Stored items from a collection:
[Start of section]
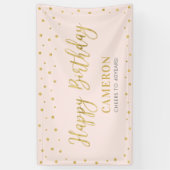 Gold & Roze Happy Birthday Party-banner Spandoek (Verticaal)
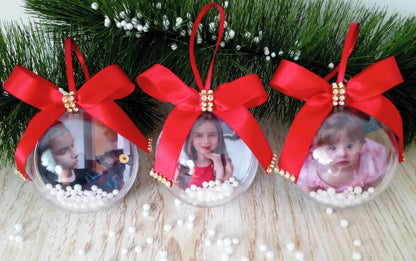 Set di 3 Palline di Natale Personalizzate con Foto – Magia sul Tuo Albero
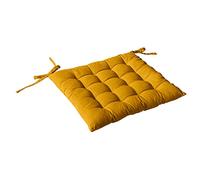 Enjoy Home, Galette de Chaise piquée, Jaune Moutarde, carré 38x38cm, 100% Coton, Attache par Nouettes, Idéal pour Une Assise Confortable, Collection Panama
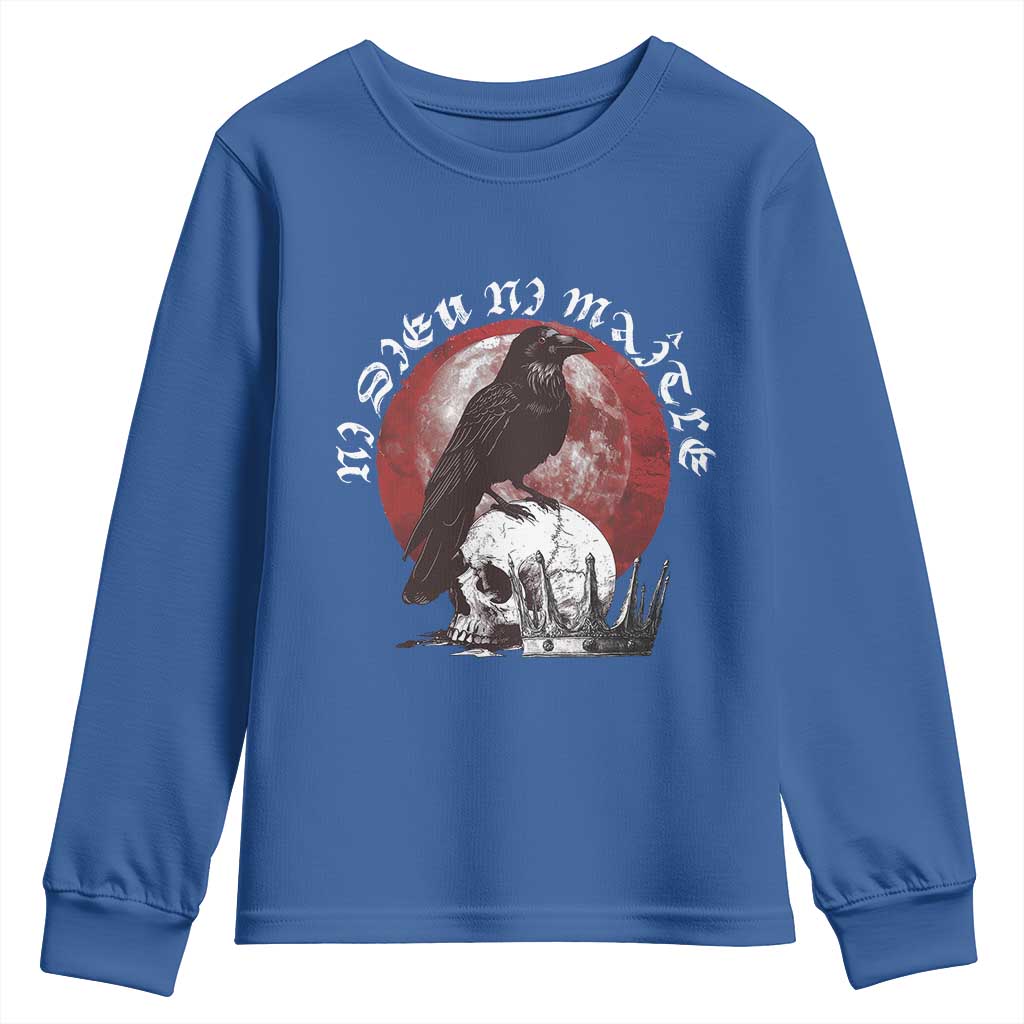 Ni Dieu Ni Maitre No God No Masters Youth Sweatshirt Raven Skull TS11 Royal Blue Print Your Wear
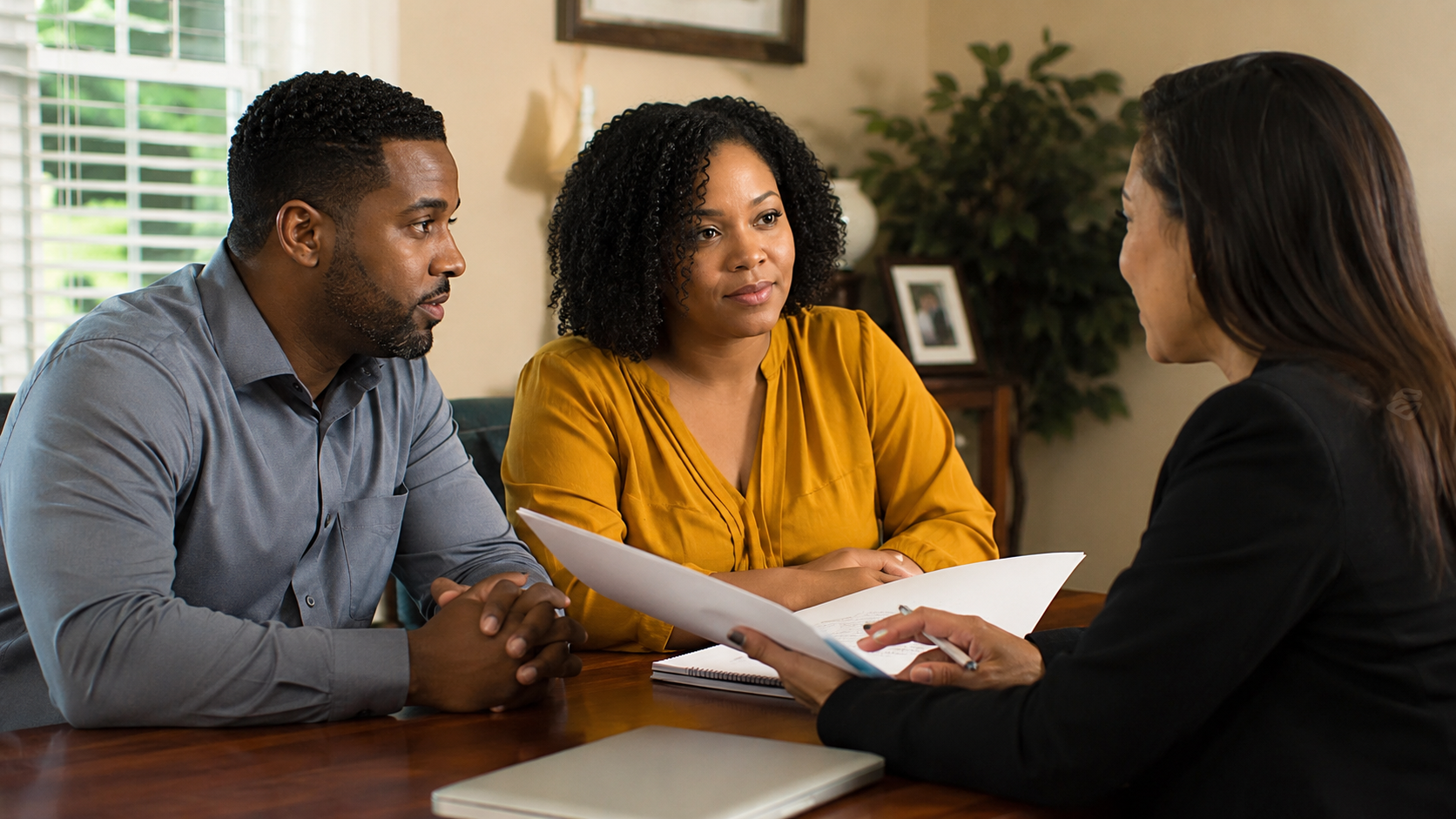 Family discussing Term Life Insurance underwriting and medical history with an advisor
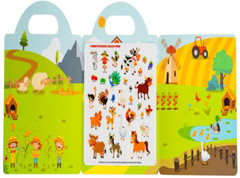 6 Theme Jelly Sticker Book Reusable Sticker with File Pocket, 2-6 years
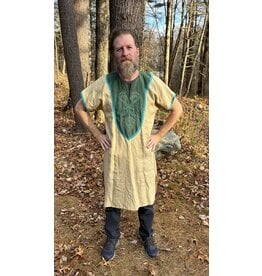 Cloakmakers.com J639-Buff Linen Tunic,  Viking Dragon Embroidery on Green Cotton Facing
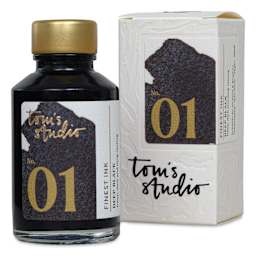 Tom's Studio Fountain Pen Ink - 50 ml, Deep Black, with packaging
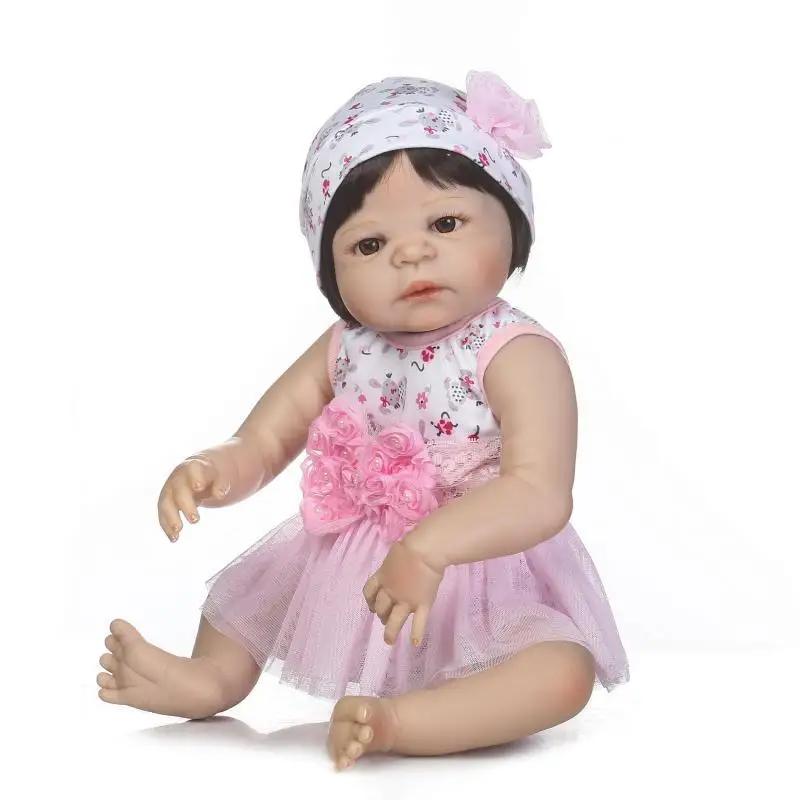 57CM Realistic Finished Bebe Reborn Full Silicone Vinyl Girl Body Doll  Handmade Toy For Children Christmas Gift Can Bathe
[End of section]
▶ [Brief]: No pictures should appear in the copy. Reproduce exactly the lines from the line containing "Enjoy Home, Galette" through the last line of the data, inclusive.

▶ [Answer]:
 Enjoy Home, Galette de Chaise piquée, Jaune Moutarde, carré 38x38cm, 100% Coton, Attache par Nouettes, Idéal pour Une Assise Confortable, Collection Panama
 Ni Dieu Ni Maitre No God No Masters Youth Sweatshirt Raven Skull TS11 Royal Blue Print Your Wear
 Family discussing Term Life Insurance underwriting and medical history with an advisor
 6 Theme Jelly Sticker Book Reusable Sticker with File Pocket, 2-6 years
 Cloakmakers.com J639-Buff Linen Tunic,  Viking Dragon Embroidery on Green Cotton Facing
 Tom's Studio Fountain Pen Ink - 50 ml, Deep Black, with packaging
 57CM Realistic Finished Bebe Reborn Full Silicone Vinyl Girl Body Doll  Handmade Toy For Children Christmas Gift Can Bathe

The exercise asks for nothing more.